Reprezentacja Anglii spokojnie zwyciężyła w swojej grupie eliminacyjnej, wygrywając wszystkie mecze poza jedną, jedyną wpadką z Czechami. „Synowie Albionu” pod wodzą Garetha Southgate’a radzą sobie wyśmienicie, korzystając w pełni z nowej generacji uzdolnionych zawodników.
Jednym z nich od kilku lat jest także Harry Kane. „One Season Wonder”, jak nazywano go na przełomie 2014 i 2015 roku, zdążył już udowodnić, że jest napastnikiem klasy światowej. 26-latek jest ostoją i kluczowym ogniwem nie tylko w Tottenhamie, ale także w reprezentacji. Szczególnie w ostatnim okresie.
Wychowanek „Kogutów” świetnie wkomponował się w odradzającą się drużynę, co potwierdził choćby na ostatnim mundialu, na którym z sześcioma trafieniami został królem strzelców turnieju i zgarnął Złotego Buta. Od tamtej pory Harry Kane zaciął się chwilowo jedyne w Lidze Narodów. Biorąc pod uwagę kończące się właśnie eliminacje do EURO2020, był nie do zatrzymania.
GET IN ?@HKane is on hand at the back post to smash home from @sterling7's cross and double the #ThreeLions' lead! pic.twitter.com/0P3eiXwzeF
— England (@England) November 17, 2019
Anglik, dzięki trafieniu w niedzielnym meczu z Kosowem, stał się pierwszym zawodnikiem w historii reprezentacji „Trzech lwów”, który zdobywał bramki we wszystkich meczach eliminacyjnych jednej kampanii.

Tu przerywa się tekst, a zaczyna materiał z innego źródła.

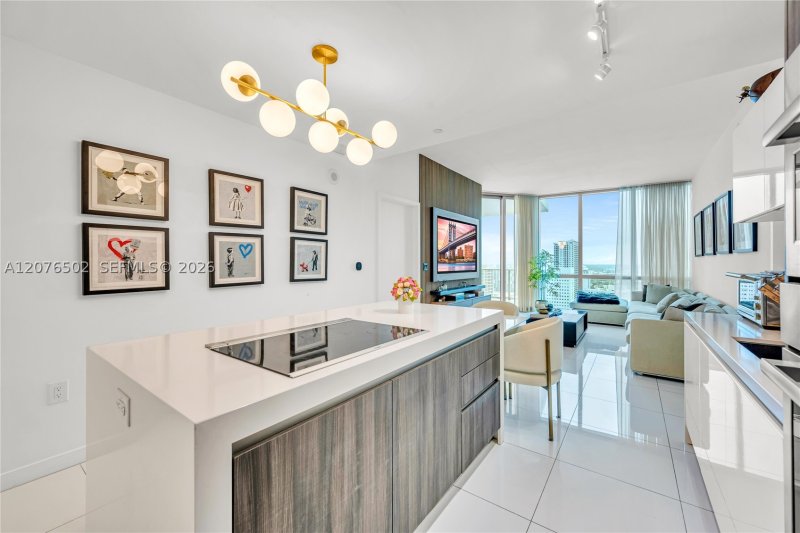 Comprar apartamento no Paramount Miami WorldCenter 2408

W sześciu z nich notował po jednym trafieniu, natomiast w dwóch (z Bułgarią i Czarnogórą) zaliczył hat-tricki. Na ten moment daje mu to także prowadzenie w klasyfikacji strzelców kończących się właśnie eliminacji.
Dzięki wspomnianej bramce Kane stał się także trzecim w historii reprezentantem Anglii, który w jednym roku kalendarzowym zdobył dla niej aż 12 bramek. Poprzednio dokonali tego jedynie George Hilsdon (w 1908 roku) i Dixie Dean (1927). Jeśli Kane’owi nie przytrafi się załamanie, jakie dotknęło w 2006 roku Michaela Owena, napastnik Tottenhamu spokojnie powinien poradzić sobie z rekordem Wayne’a Rooneya (53 trafienia dla kadry) i stać się w najbliższych latach zawodnikiem z największą liczbą bramek dla „Synów Albionu”. 26-latek w 45 występach zdobył do tej pory 32 gole. Przy takiej regularności obowiązujący rekord może zostać mocno wyśrubowany.